In [3]:
import pandas as pd
from tqdm import tqdm 
import numpy as np
import urllib
from zipfile import ZipFile
import psycopg2
main_path = '/home/fs01/spec1142/Emma/GateKeepers/download_PatentsView/'

f = open('/home/fs01/spec1142/Emma/GateKeepers/' + "database.txt", "r")
user , password = f.read().split()


## Download PatentsView tables

In [3]:
## all PatentsView tables are available at this link: 
## https://patentsview.org/download/data-download-tables

patents_path = "https://s3.amazonaws.com/data.patentsview.org/download/g_patent.tsv.zip"
inventors_path = "https://s3.amazonaws.com/data.patentsview.org/download/g_inventor_disambiguated.tsv.zip"
locations_path = "https://s3.amazonaws.com/data.patentsview.org/download/g_location_disambiguated.tsv.zip"
assignees_path = 'https://s3.amazonaws.com/data.patentsview.org/download/g_assignee_disambiguated.tsv.zip'
US_citations_path = 'https://s3.amazonaws.com/data.patentsview.org/download/g_us_patent_citation.tsv.zip'
wipo_path = 'https://s3.amazonaws.com/data.patentsview.org/download/g_wipo_technology.tsv.zip'
cpc_title = 'https://s3.amazonaws.com/data.patentsview.org/download/g_cpc_title.tsv.zip'
patent_cpcs = 'https://s3.amazonaws.com/data.patentsview.org/download/g_cpc_current.tsv.zip'
non_patent_citations = "https://zenodo.org/record/8169364/files/_pcs_oa.csv?download=1"
patent_applications = "https://s3.amazonaws.com/data.patentsview.org/download/g_application.tsv.zip"



In [4]:
##download data from the url and unzip file 

%%time

def download_data(url):

    """
    This function downloads a zip file from a specified URL and extracts its contents to a specified directory.

    Parameters:
    url (str): The URL of the zip file to be downloaded.

    Note:
    - The function save the zip file to the directory specified by `main_path + patents_path.zip`.
    """
    
    urllib.request.urlretrieve(url, main_path + 'patents_path.zip') # any dir to save
    with ZipFile(main_path +  'patents_path.zip' , 'r') as zObject:
        zObject.extractall(path=main_path)


url = patent_applications
download_data(url)

CPU times: user 110 ms, sys: 147 ms, total: 256 ms
Wall time: 5.12 s


('/home/fs01/spec1142/Emma/Download_PatentsView/patents_path.zip',
 <http.client.HTTPMessage at 0x7f66604c9df0>)

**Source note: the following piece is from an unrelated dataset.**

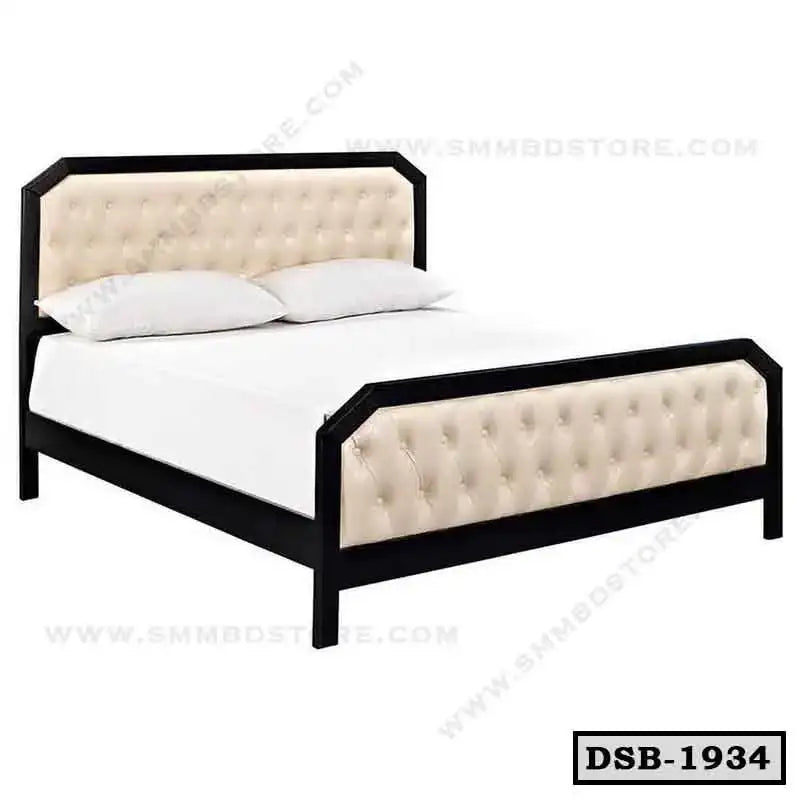 Modern double steel bed with padded beige headboard and footboard, minimalist design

## Load data in the database 

### Create table

In [35]:
## create table 
table_name = "documentid_uspto"

## define columns of the table
schema = """CREATE TABLE  documentid_uspto ( 
   rf_id VARCHAR(15) ,
   lang VARCHAR(3),
   appno_doc_num VARCHAR(15),
   appno_date DATE,
   pgpub_doc_num VARCHAR(15),
   pgpub_date DATE,
   grant_doc_num VARCHAR(15),
   grant_date DATE,
   grant_country VARCHAR(3) );"""


def create_table(table_name, schema, drop_if_exists):

    """
    This function creates a table in a PostgreSQL database with the specified schema, and drops the table if it already exists.

    Parameters:
    table_name (str): The name of the table to be created in the PostgreSQL database.
    schema (str): The SQL schema defining the structure of the table.
    drop_if_exists (bool): A flag indicating whether to drop the table if it already exists before creating it.

    Returns:
    str: A success message if the table is created successfully.

    Note:
    - The function assumes that the `user` and `password` variables are defined elsewhere in the code.
    - The function commits the transaction and closes the database connection after creating the table.
    """

    conn = psycopg2.connect("user=" + user + " password=" + password)
    cursor = conn.cursor()

    if drop_if_exists == True:
        cursor.execute("DROP TABLE IF EXISTS " + table_name)
    
    #Creating table as per requirement
    sql = schema
    
    cursor.execute(sql)
    conn.commit()

    #Closing the connection
    conn.close()

    return "Table created successfully........"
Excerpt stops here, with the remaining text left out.